La unción de Scioli para un distrito que jamás soñó es una concesión a la gobernabilidad, expresada en clave electoral: la votación 2007, madre de todas las batallas. Aun medida desde sus propias premisas –que incluyen el viejo adagio de promediar pasos atrás y adelante– la decisión de Kirchner sólo sería exitosa si coronara en un triunfo en las urnas y pariera un futuro gobernador a la altura de un desafío formidable. Desde luego, en los cómputos del kirchnerismo se computa en el haber de Scioli los sufragios que pueda sumar la fórmula provincial para la revalidación nacional del actual oficialismo.

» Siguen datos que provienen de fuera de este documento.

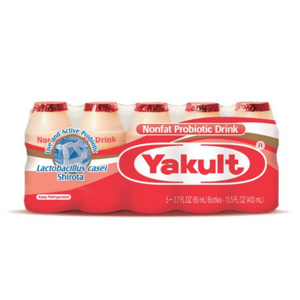 Publix Digital Coupons: Free 5-Pack of Yakult Nonfat Probiotic Drinks & Free Air Wick Scented Oil Warmer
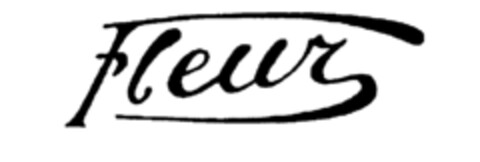 Fleur Logo (IGE, 20.10.1986)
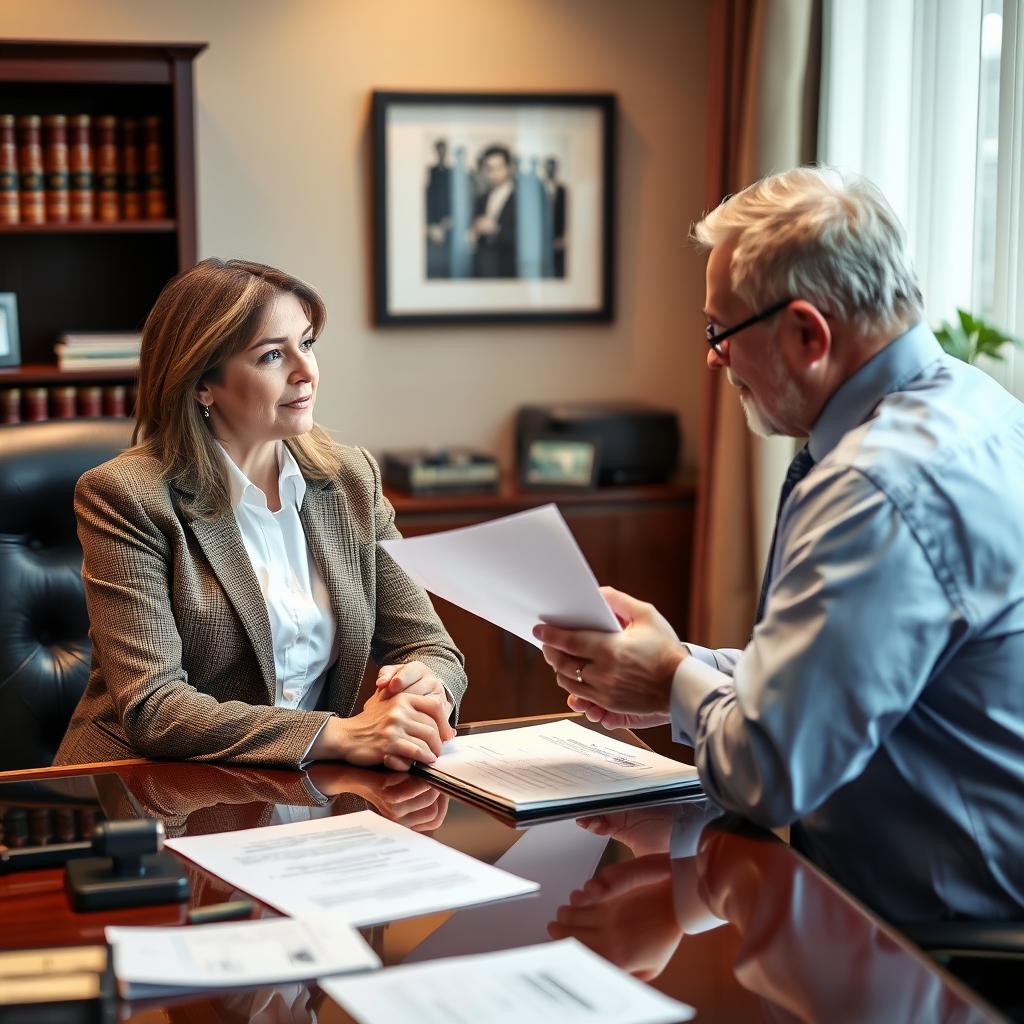 DUI Lawyer Falls Church, VA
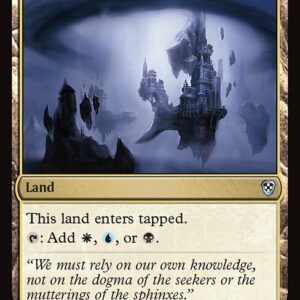 Arcane Sanctum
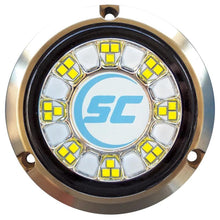 Shadow Caster SCR24 Underwater LED Light Blue/White — 1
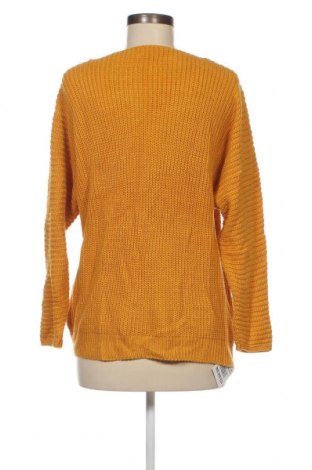 Γυναικείο πουλόβερ New Laviva, Μέγεθος M, Χρώμα Κίτρινο, Τιμή 44,85 €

Lo que se pone en juego es una gran provincia, con un conurbano que es un problema nacional requirente de políticas de Estado específicas. Amén de una perdurable alianza entre delito y financiamiento espurio de la política, que poco (o nada) ha cambiado en los últimos años. Una policía brava, cómplice o autora de crímenes políticos variados en los últimos y cultora del gatillo fácil.
Eso para empezar.
A primera vista, es lógico concordar con las profecías optimistas del Gobierno acerca de las perspectivas electorales de Scioli. Pero es muy difícil (nada es del todo imposible en el mundo de los afanes humanos) imaginar que Scioli puede estar a la altura del mandato que puede llegar a lograr.